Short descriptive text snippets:
"""
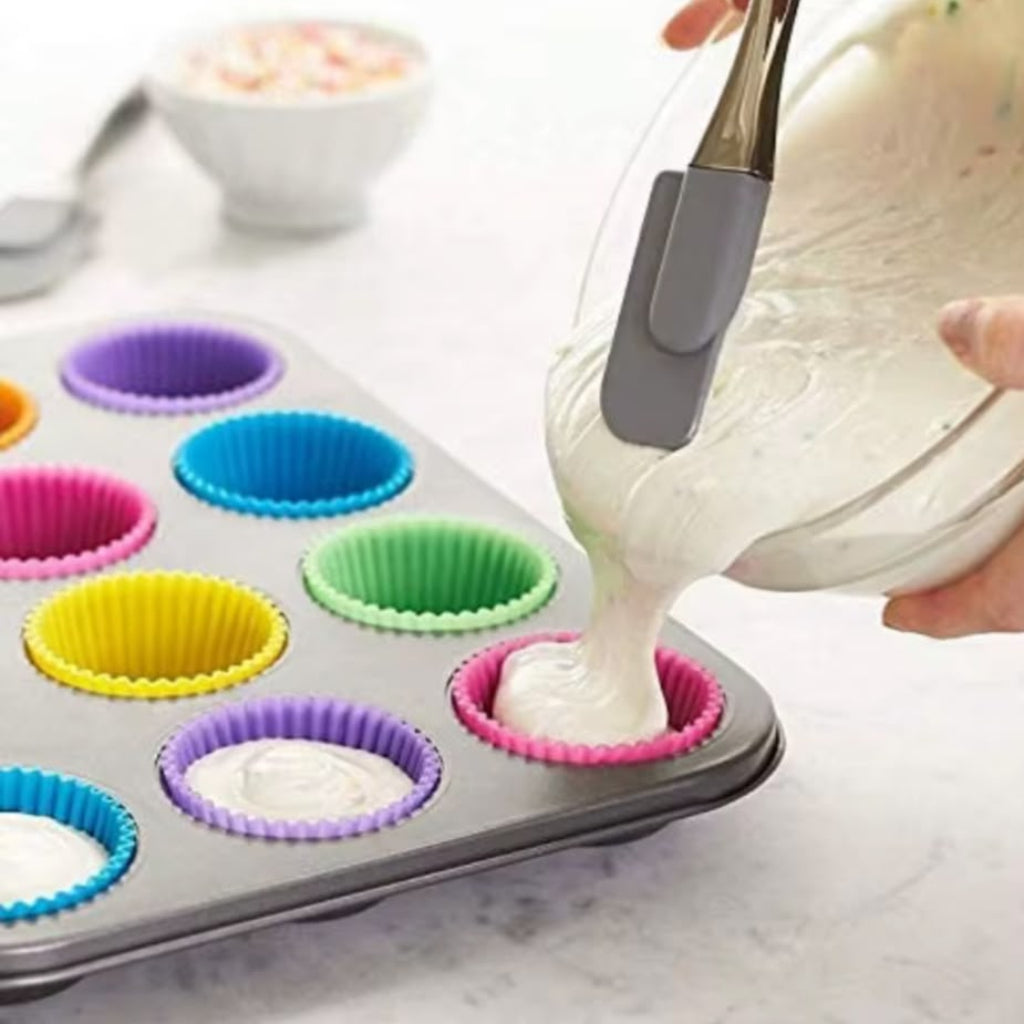 12-Cup Non-Stick Muffin Pan Set with Colorful Silicone Baking Liners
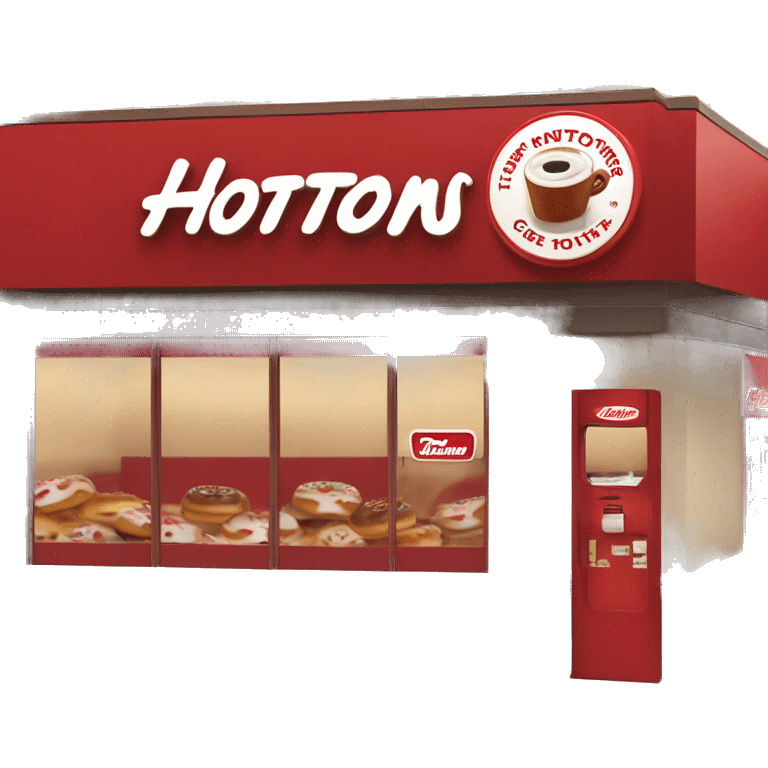 “Tim Hortons store with a red and white color scheme, featuring the classic Tim Hortons logo, a warm and welcoming design that represents a popular coffee and donut shop.” emoji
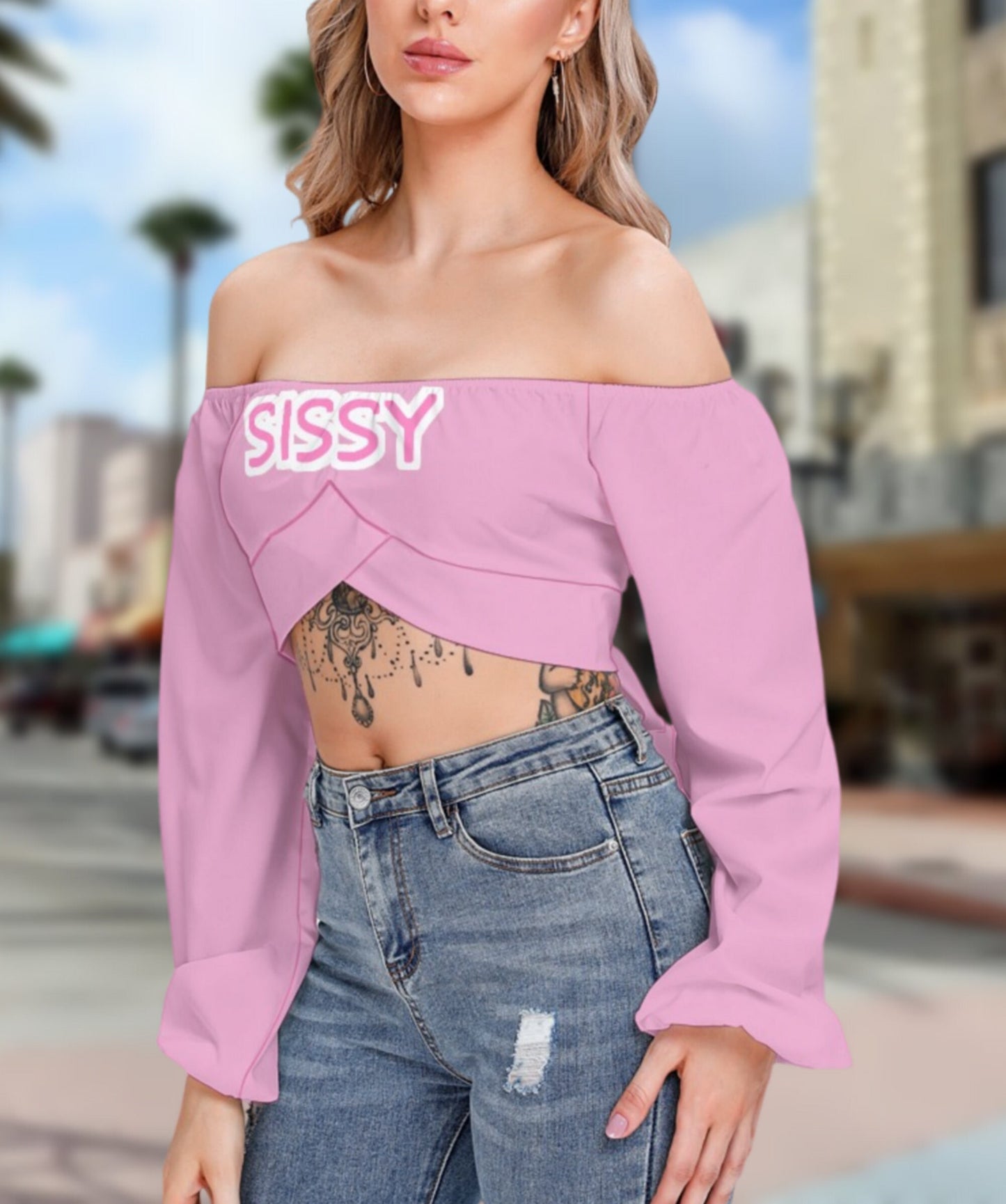 SISSY Cropped Tube Top With Long Sleeve, 12 colors,  tshirt, femboy t-shirt,t-shirt, Cuckold sissy girl t-shirt,, slut clothing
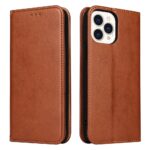 For iPhone 13 Pro Max Fierre Shann PU Leather Texture Horizontal Flip Leather Case with Holder & Card Slots & Wallet (Brown)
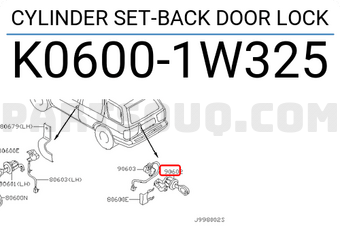 Nissan K06001W325 CYLINDER SET-BACK DOOR LOCK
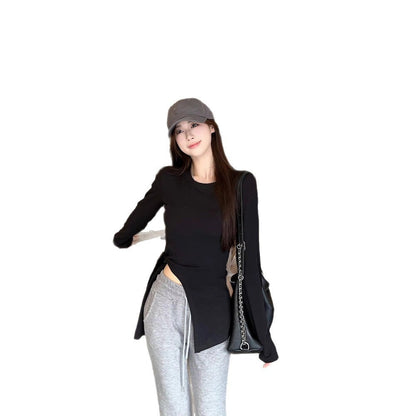 Damen Langarmshirt Rundhalsausschnitt mit Schlitzen Norvielle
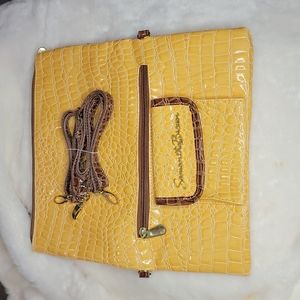 NEW Samantha Brown Yellow Croc Clutch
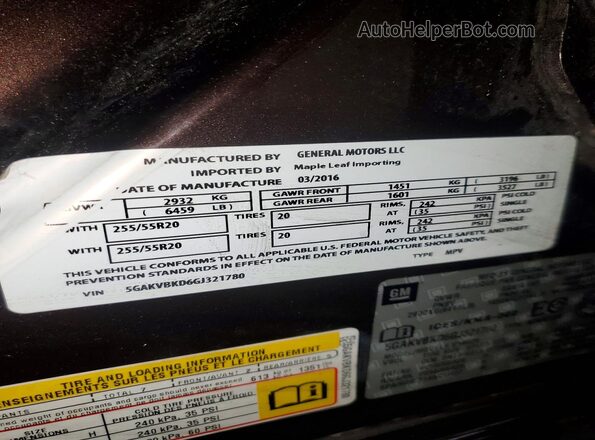 5GAKVBKD6GJ321780 2016 BUICK ENCLAVE Фиолетовый Вид наклейки с VIN-кодом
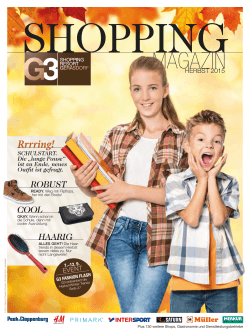 G3 SHOPPING MAGAZIN, Ausgabe Herbst 2015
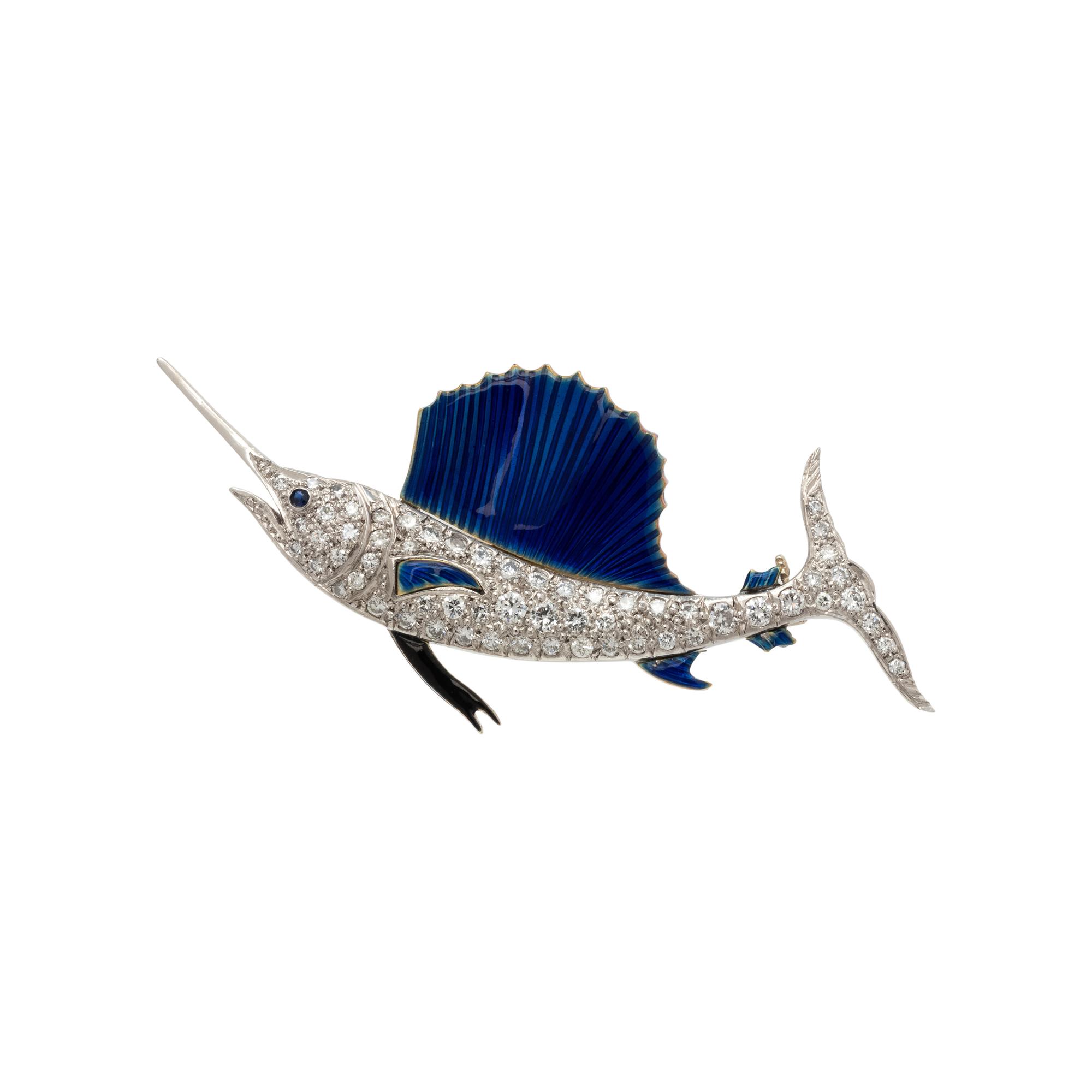 DIAMOND AND ENAMEL SAILFISH BROOCH
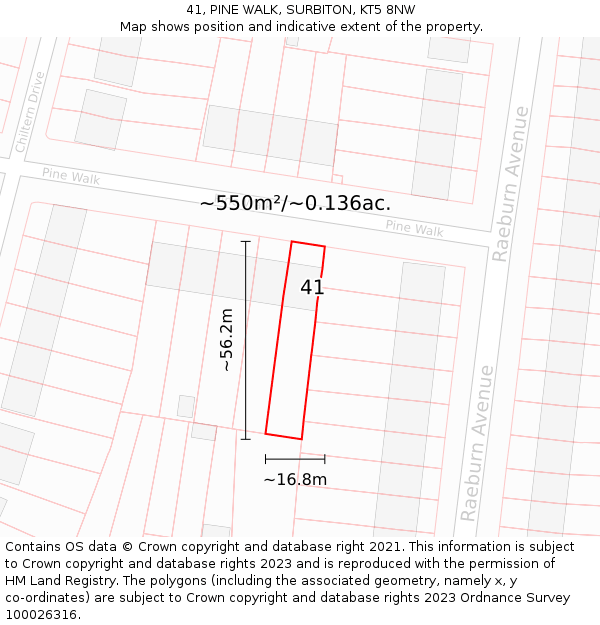 41, PINE WALK, SURBITON, KT5 8NW: Plot and title map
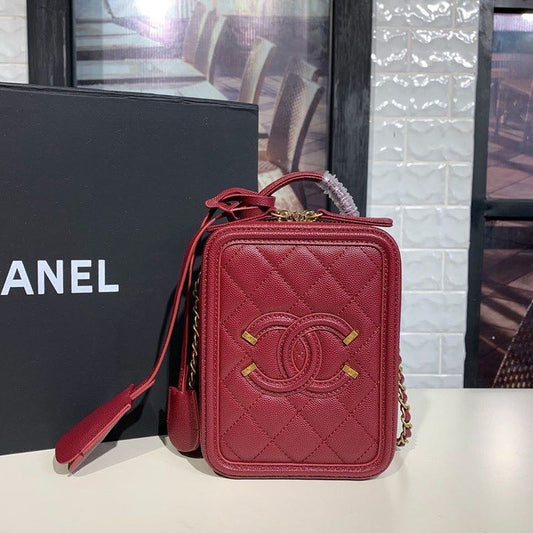 Chanel Filigree Vertical Vanity Case Bag Burgundy For Crossbody Bag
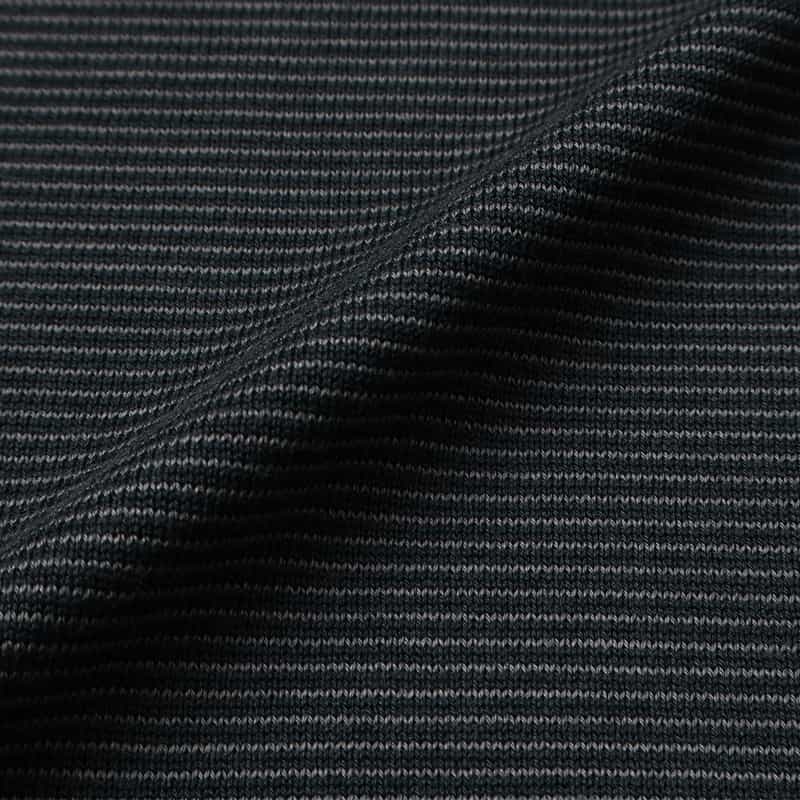 BARNEYS NEW YORK 海島綿マイクロボーダー柄ニットプルオーバー NAVY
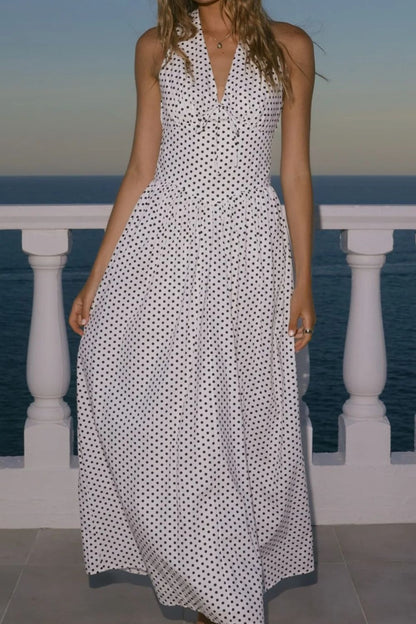 Backless Polka Dot Halter Neck Maxi Dress-Nordavory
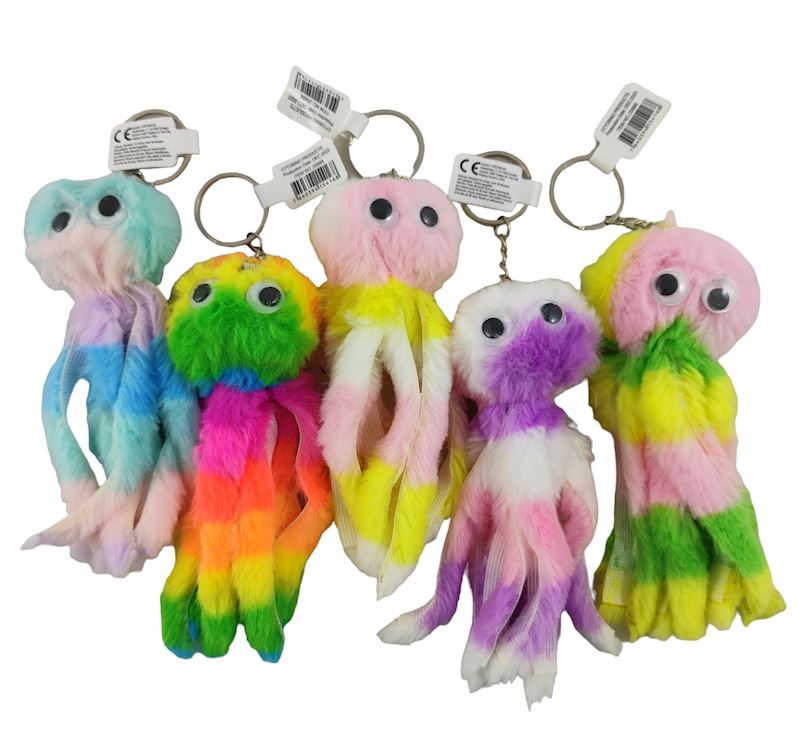 Plüsch Schlüsselanhänger Oktopus bunt 10 cm, sort.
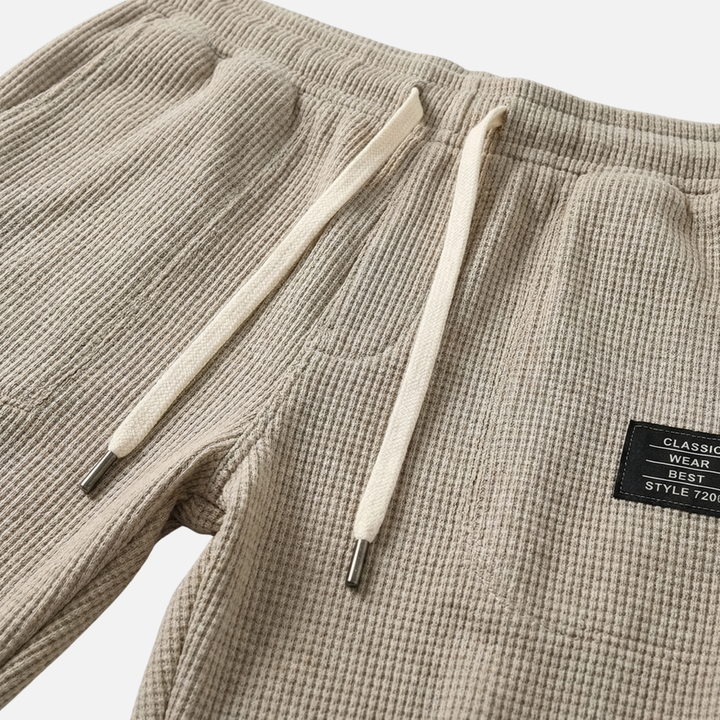 Breathable waffle knit lounge pants with pockets for men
"""
Only the lines from the beginning of the records up to and including the line with "Nissan K06001W325 CYLINDER" should appear, exactly as they are, and no pictures.

 12-Cup Non-Stick Muffin Pan Set with Colorful Silicone Baking Liners
 “Tim Hortons store with a red and white color scheme, featuring the classic Tim Hortons logo, a warm and welcoming design that represents a popular coffee and donut shop.” emoji
 SISSY Cropped Tube Top With Long Sleeve, 12 colors,  tshirt, femboy t-shirt,t-shirt, Cuckold sissy girl t-shirt,, slut clothing
 For iPhone 13 Pro Max Fierre Shann PU Leather Texture Horizontal Flip Leather Case with Holder & Card Slots & Wallet (Brown)
 Nissan K06001W325 CYLINDER SET-BACK DOOR LOCK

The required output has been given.